Frictionlesser uses the clutchlog project
for having nice, colored, logs that shows the log location.
Its configuration is set in log.cpp
.
Frictionlesser also uses the exceptions project for having clean exception classes declarations, holding the errors location.
The frictionless.h
file holds some convenience functions.
The src/pgamma.cpp
file is borrowed from the R project.
TL;DR: Frictionlesser is available under the AGPL license.
Frictionlesser itself is distributed under the GNU Affero Public General License v3.0 license (AGPL).
It's source code is (so far) fully copyrighted to the Institut Pasteur,
except for the code of the pgamma
function, which is borrowed from the R project (under GPL).
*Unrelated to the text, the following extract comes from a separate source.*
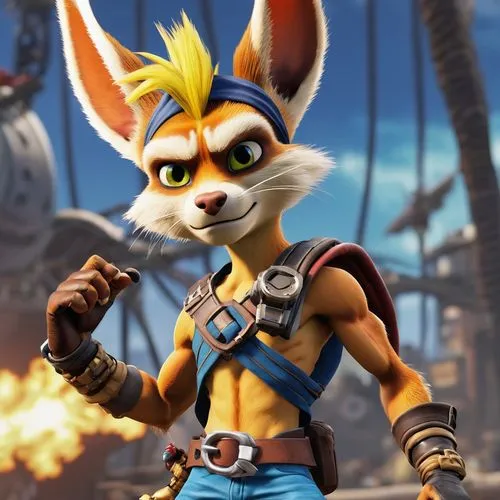 Jak (Jak and Daxter) as a Suicide Squad Member ,daxter,jak,starfox,bandicoot,tenkrat,starlink,kontopirakis,rocket raccoon,fennec,pip,wildstar,jackal,nick,hopps,carmeli,tangelo,kazma,beadon,carmelita,j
Frictionlesser compiles against the Paradiseo project code, which is distributed under the LGPL v2.0 (for its core) and the CeCILL license v2.1 (for the MO module).
The CeCILL license is fully compatible with the GPL, and the AGPL is basically a GPL with added clauses on using the software as a service over a network. Hence, the most restrictive license applies, which is the AGPL v3.
This means that any derivative work should be licensed under the same term, which basically guarantee that you will always be able to get access to the source code, whatever the setting in which you use this software.